TASK STATEMENT: Among the lines of the listing below, retype exactly those from the one containing "Men Red Leather" through the one containing "Hand Struck Morgan", both included. Do not include pictures.

*** INFORMATION Section Begins ***

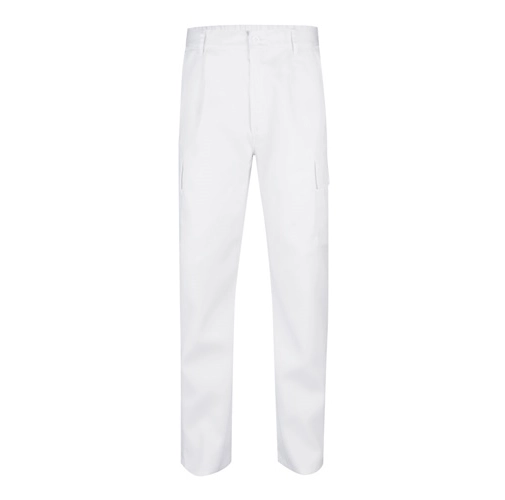 white VL AINE. Pantalón multibolsillos de sarga (190g/m²), en algodón (20%) y poliéster (80%)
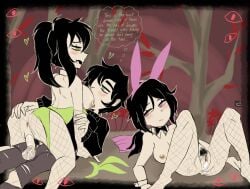andrew_graves animal_ears anus ashley_graves ass ass_grab black_hair blush blush_lines bodily_fluids bowtie bowtie_collar breasts bunny_ears bunnysuit cowgirl_position cum cum_in_pussy cum_in_pussy cum_inside english_text eyes fishnet_armwear fishnet_legwear flowers green_eyes hairy_balls heart_symbol incest leaves leotard leotard_aside male_penetrating_female mother_and_son open_mouth open_pants partially_clothed penetration pink_eyes ponytail pubes pussy renee_graves sex spec_almond_(artist) the_coffin_of_andy_and_leyley thought_bubble tree trees vaginal_penetration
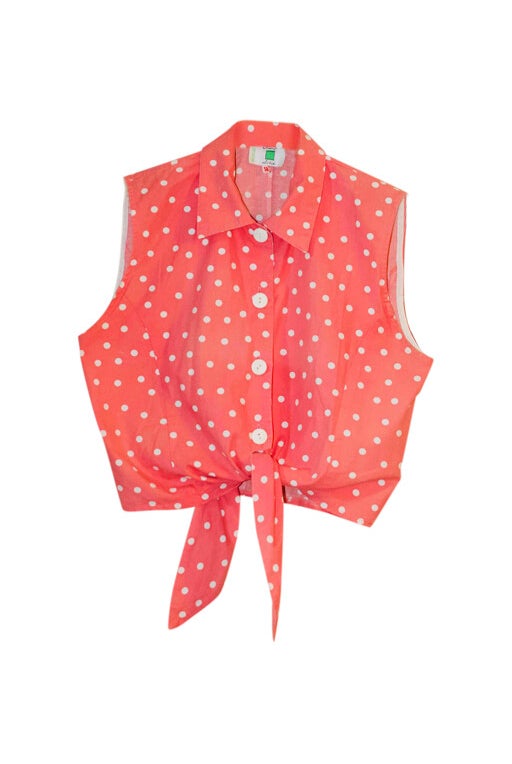 Polka dot knotted crop top 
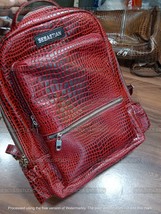 Men Red Leather Laptop Backpack Crocodile Print Travel Office Bag Women ... - $178.20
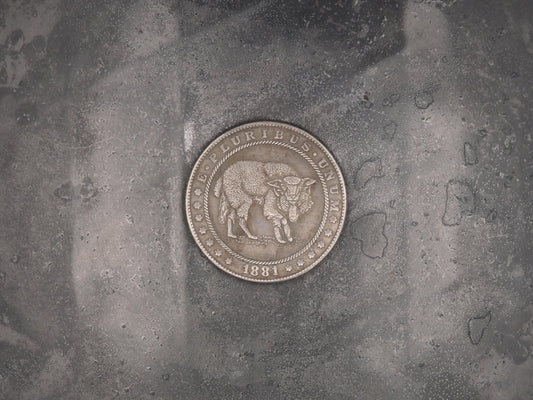 Hand Struck Morgan Silver Dollar Carved Wolf In Sheep's Clothing - Fairy Tale Stories Replica Coin/Token/Medal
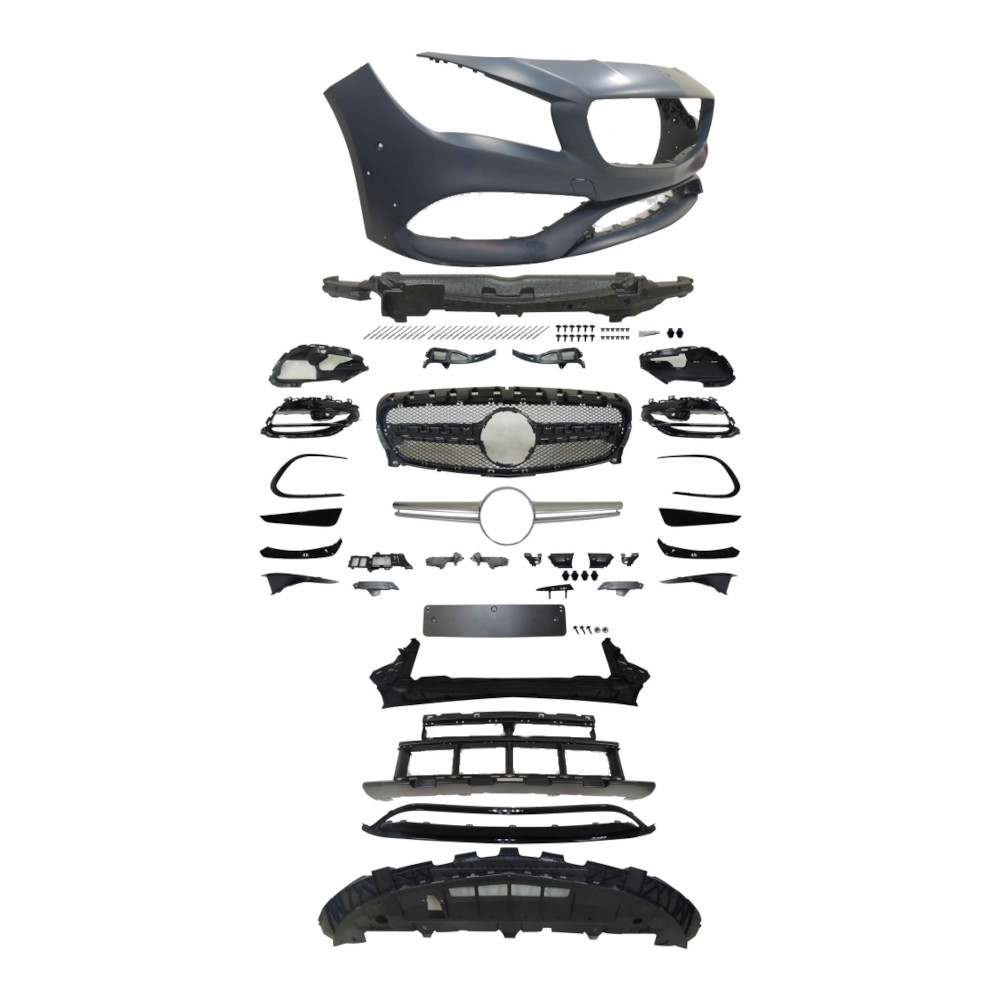 Set bara fata MERCEDES CLA-CLASS (C117), 04.2013-, cu / fara capac senzor parcare, cu 6 gauri senzori parcare; grunduit, de vopsit; type A45 AMG; cu grile, cu bandouri, cu bara cover set; cu functie asistent de parcare, cu suport numar inmatriculare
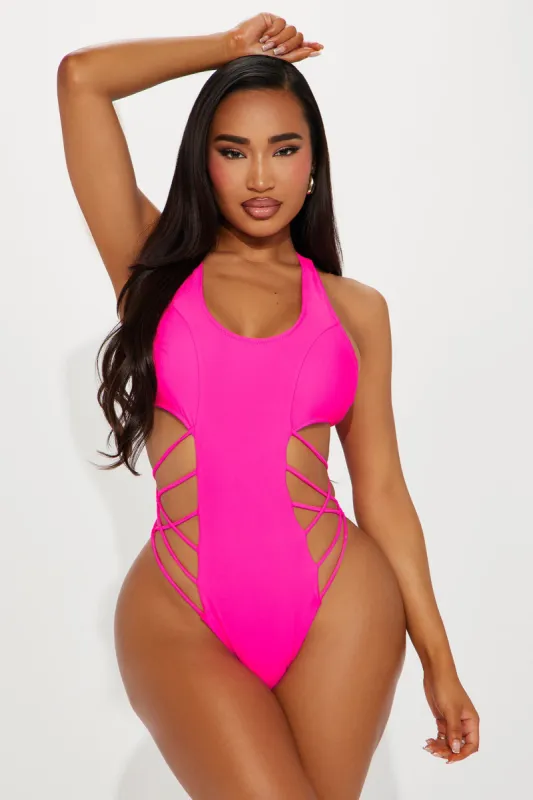 Summer Break Strappy Cutout 1 Piece Swimsuit - Hot Pink sold by Fashion Nova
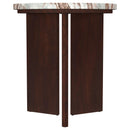  Coaster Furniture Jenna 706168-S3 3-piece Round Marble Top Coffee Table Set - Brown IMAGE 10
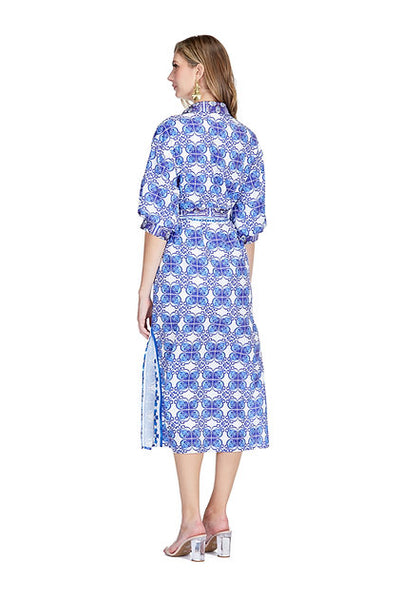 Jade Damask Maxi Shirt Dress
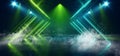 Smoke Fog Sci Fi Neon Green Blue Triangle Retro Glowing Lasers Spot Lights Empty Stage Podium Room Showcase Night Club Garage Royalty Free Stock Photo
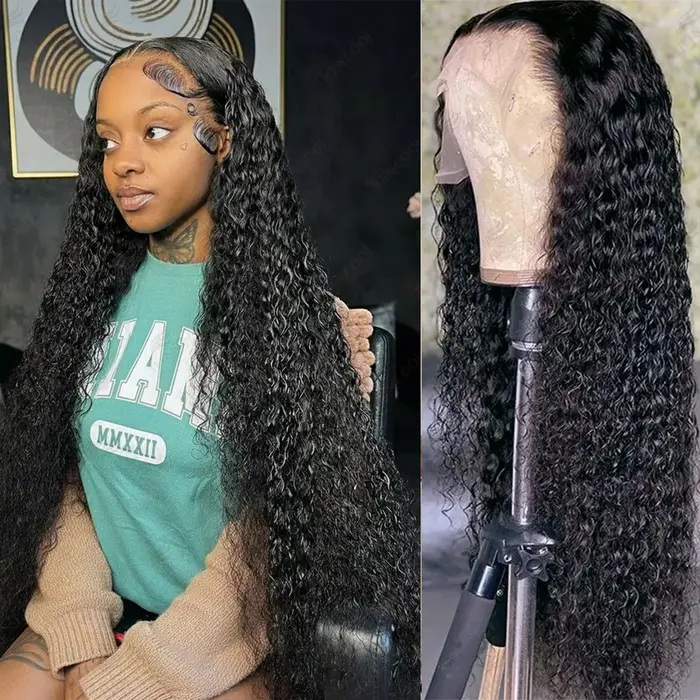 13x6 Hd dentelle vague profonde avant perruques cheveux humains vague d'eau bouclés perruques 30 40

*** INFORMATION Section Ends ***

TASK ANSWER:
 Men Red Leather Laptop Backpack Crocodile Print Travel Office Bag Women ... - $178.20
 Hand Struck Morgan Silver Dollar Carved Wolf In Sheep's Clothing - Fairy Tale Stories Replica Coin/Token/Medal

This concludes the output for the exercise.